Sim, é uma característica nova que as redes sociais trouxeram à tona. Estimularam um ódio que estava dominantemente na Internet e que começou a aparecer também no mundo real, com assassinatos e violência motivados por divisões políticas. Não há chance de diálogo, é um diálogo de surdos, onde não se admite nenhuma crítica ao seu candidato e nenhum louvor ao outro candidato. Mas o clima da internet ainda é muito mais violento do que o clima geral, das ruas. A internet faz parecer que somos um país em guerra civil e nas ruas não é o que vemos. A nossa política sempre gerou essa violência, ainda que, ao contrário de Portugal ou dos Estados Unidos, nunca tenhamos eliminado um Rei ou um Presidente da República.

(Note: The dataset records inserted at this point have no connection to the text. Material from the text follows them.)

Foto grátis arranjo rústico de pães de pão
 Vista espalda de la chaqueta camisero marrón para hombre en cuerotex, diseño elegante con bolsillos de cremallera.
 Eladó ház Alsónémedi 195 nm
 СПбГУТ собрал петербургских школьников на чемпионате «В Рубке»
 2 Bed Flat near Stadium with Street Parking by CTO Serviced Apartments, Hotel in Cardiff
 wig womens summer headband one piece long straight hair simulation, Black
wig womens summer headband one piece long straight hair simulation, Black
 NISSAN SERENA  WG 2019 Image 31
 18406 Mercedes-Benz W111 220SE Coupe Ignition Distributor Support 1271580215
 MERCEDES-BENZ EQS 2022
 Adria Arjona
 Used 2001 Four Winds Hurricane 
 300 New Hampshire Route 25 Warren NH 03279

Bolsonaro foi hábil em levar a sua campanha para as redes sociais e capitalizar essa divisão profunda a seu favor.
Sendo ele um candidato novo, pertencendo a um partido que até agora era aquilo a que chamamos ‘nanico’, inexpressivo, e que agora é a segunda maior bancada na câmara dos deputados, a sua campanha conseguiu apostar muito mais em meios dinâmicos como as redes sociais do que nos programas de TV. Já ninguém vê propaganda política na televisão. Esta é uma campanha que está a acontecer essencialmente em grupos de WhatsApp, que passaram a ser considerados fontes de verdade. As fotomontagens e as fake news são vistas acriticamente, somos muito mais passionais do que racionais. Isto está insuportável. Você publica uma árvore dizendo que ela é o símbolo do Brasil e que o amarelo está florindo e alguém comenta: “É porque o PT não roubou esta árvore” ou “Com Bolsonaro essa árvore vai florir mais”. As pessoas estão monotemáticas e isso é um equívoco muito grave e que vai repetir-se durante bastante tempo. Pela primeira vez na História brasileira os jovens estão muito politizados, têm muitas opiniões, ainda que os eleitores no geral não tenham argumentos: as suas opiniões são postadas em bolhas epistémicas, bolhas de acesso à verdade, onde causam efeito de eco. Sentimos que todo o mundo está connosco porque só ouvimos quem está connosco. Talvez seja uma oportunidade para a nossa jovem democracia, que ressurgiu em 1985. O que é preocupante é que o estado democrático de direito não tem tantos entusiastas como tinha outrora. Pelo contrário, em nome do seu projeto as pessoas facilmente o sacrificariam.
Porque é que os brasileiros se desencantaram com a democracia?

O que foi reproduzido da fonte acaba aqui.